Exercise materials:
BEGIN

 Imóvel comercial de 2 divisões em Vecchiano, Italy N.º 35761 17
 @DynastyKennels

END
BEGIN

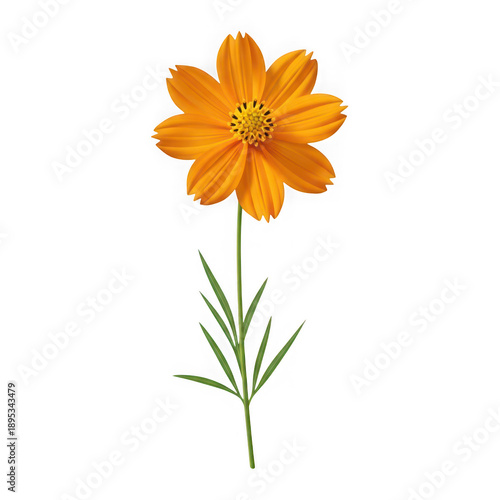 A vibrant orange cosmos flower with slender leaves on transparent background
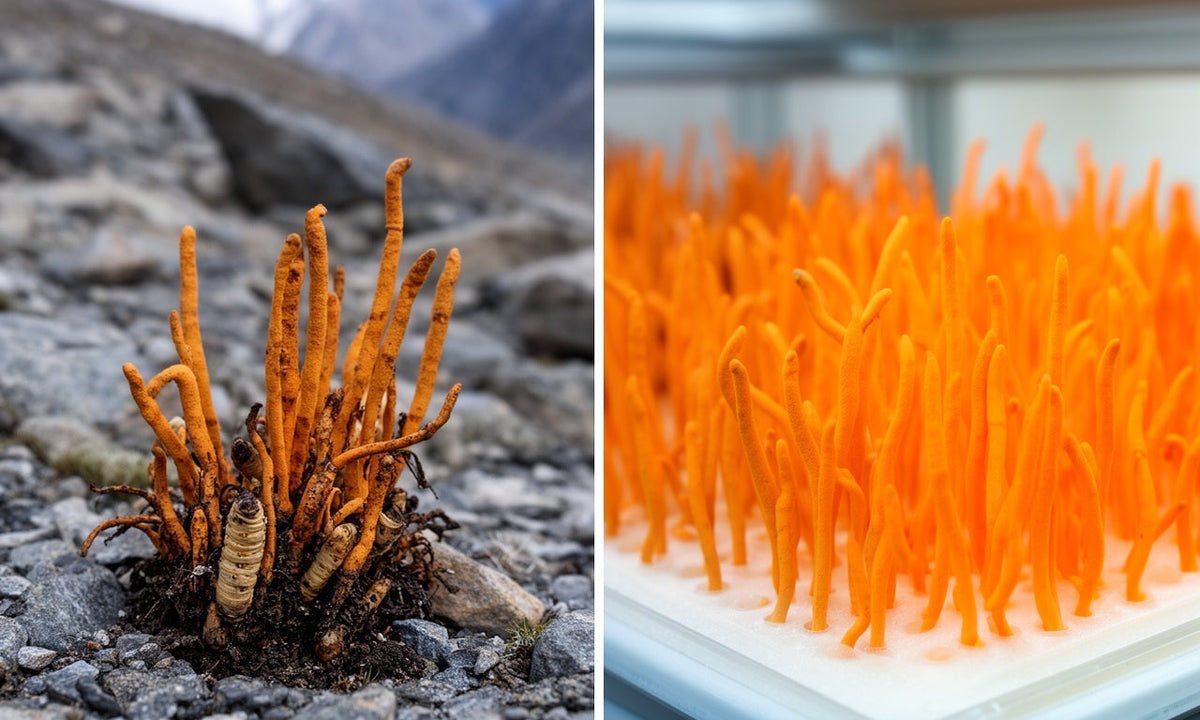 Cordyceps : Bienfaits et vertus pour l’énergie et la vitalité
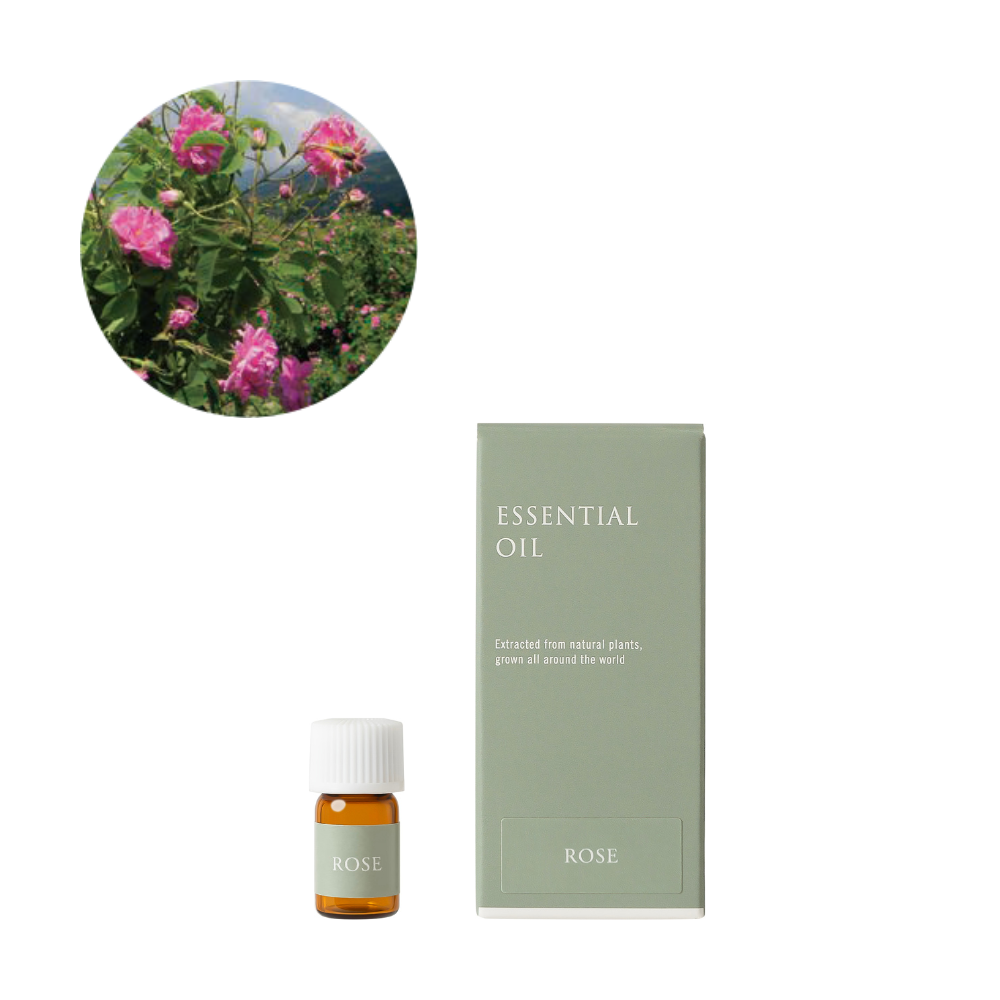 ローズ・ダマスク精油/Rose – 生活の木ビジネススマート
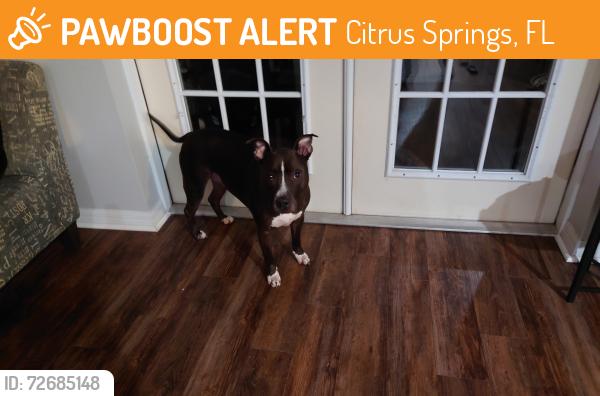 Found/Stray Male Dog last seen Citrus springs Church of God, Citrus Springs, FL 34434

END

Leaving out the pictures, please output the lines in the entries above from the one with "A vibrant orange" through the one with "Found/Stray Male Dog", exactly as they are.

 A vibrant orange cosmos flower with slender leaves on transparent background
 Cordyceps : Bienfaits et vertus pour l’énergie et la vitalité
 ローズ・ダマスク精油/Rose – 生活の木ビジネススマート
 Found/Stray Male Dog last seen Citrus springs Church of God, Citrus Springs, FL 34434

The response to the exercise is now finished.